WHAT YOU HAVE TO DO: Repeat the line that contains "Ein liegender Hund" exactly, along with each following line up to and including the last line of the entries.

SUPPLIED DATA:
○ ○ ○ ○
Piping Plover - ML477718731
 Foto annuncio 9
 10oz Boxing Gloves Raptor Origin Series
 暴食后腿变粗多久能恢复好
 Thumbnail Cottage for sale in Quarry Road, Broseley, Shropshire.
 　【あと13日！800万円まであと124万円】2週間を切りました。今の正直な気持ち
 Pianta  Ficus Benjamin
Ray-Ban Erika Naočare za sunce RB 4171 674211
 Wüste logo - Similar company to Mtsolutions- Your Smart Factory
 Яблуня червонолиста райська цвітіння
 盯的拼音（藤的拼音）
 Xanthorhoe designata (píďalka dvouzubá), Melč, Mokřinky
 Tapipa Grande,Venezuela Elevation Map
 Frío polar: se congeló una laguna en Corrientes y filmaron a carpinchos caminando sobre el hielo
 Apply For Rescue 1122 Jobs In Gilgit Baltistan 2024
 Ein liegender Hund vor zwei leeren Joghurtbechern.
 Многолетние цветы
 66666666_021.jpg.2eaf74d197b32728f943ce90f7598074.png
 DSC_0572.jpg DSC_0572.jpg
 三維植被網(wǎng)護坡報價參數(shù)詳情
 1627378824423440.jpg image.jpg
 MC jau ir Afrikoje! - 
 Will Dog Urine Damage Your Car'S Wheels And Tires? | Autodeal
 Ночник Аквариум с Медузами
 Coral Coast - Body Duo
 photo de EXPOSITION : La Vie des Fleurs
○ ○ ○ ○
SOLUTION FOR THIS PROBLEM:
 Ein liegender Hund vor zwei leeren Joghurtbechern.
 Многолетние цветы
 66666666_021.jpg.2eaf74d197b32728f943ce90f7598074.png
 DSC_0572.jpg DSC_0572.jpg
 三維植被網(wǎng)護坡報價參數(shù)詳情
 1627378824423440.jpg image.jpg
 MC jau ir Afrikoje! - 
 Will Dog Urine Damage Your Car'S Wheels And Tires? | Autodeal
 Ночник Аквариум с Медузами
 Coral Coast - Body Duo
 photo de EXPOSITION : La Vie des Fleurs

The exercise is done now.